You have spent almost half a semester immersing yourself in thinking about good data practice. You may not think you have, but I guarantee that you now have a strict aversion to many data practices that you might have walked into the room with. You know, for example, that you will always endeavor to have your data in a long or wide format, with complete columns, reasonable NA values, and strong data validation. One value per cell! And so many more principles.
Your past self and, frankly, many of your collaborators, are not at this level of transcendence. However, they are fabulous scientists producing juicy data.
Today, we’re going to look at a data set that looks not unlike something you might have produced in the past and walk through the steps of how to make it into something we can analyze!
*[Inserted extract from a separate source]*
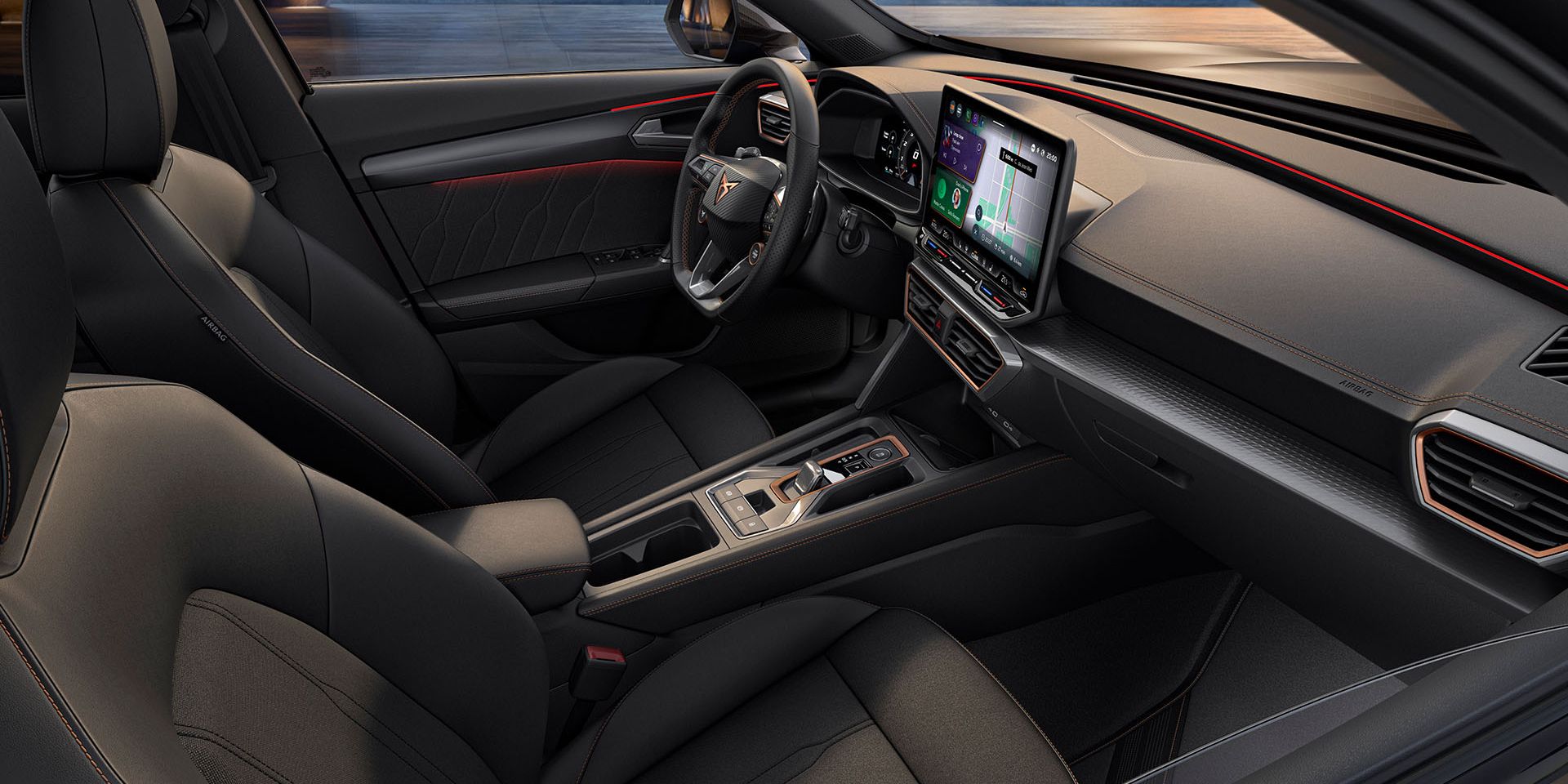 O novo CUPRA Formentor apresenta um design interior elegante com bancos pretos, um painel de instrumentos moderno e um ecrã de informação e lazer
The data we’re going to work with is from the McCusker lab. It’s a beautiful piece of work looking at limb regeneration in Axoltls. These amphibians have incredible limb regeneration abilities. In essence, the idea of this experiment was to see if with some application of different compounds, different kinds of limb regrowth could be stimulated.
Based on where the limb was injured and whether a particular compound was applied, the researchers saw very different results of the types of limbs being formed. We want to take their data and recreate some of their iconic plots.
There’s just one problem. The dataset is not in an easy to use format. You can download the data and take a look. There are a lot of issues - although this is perfectly good if you are only working within excel.
The first question you might have is, what do I do?! Relax. Take a breath. Look at the dataset. Note any common features. Note anything that delimits sections. What needs to be modified in this data?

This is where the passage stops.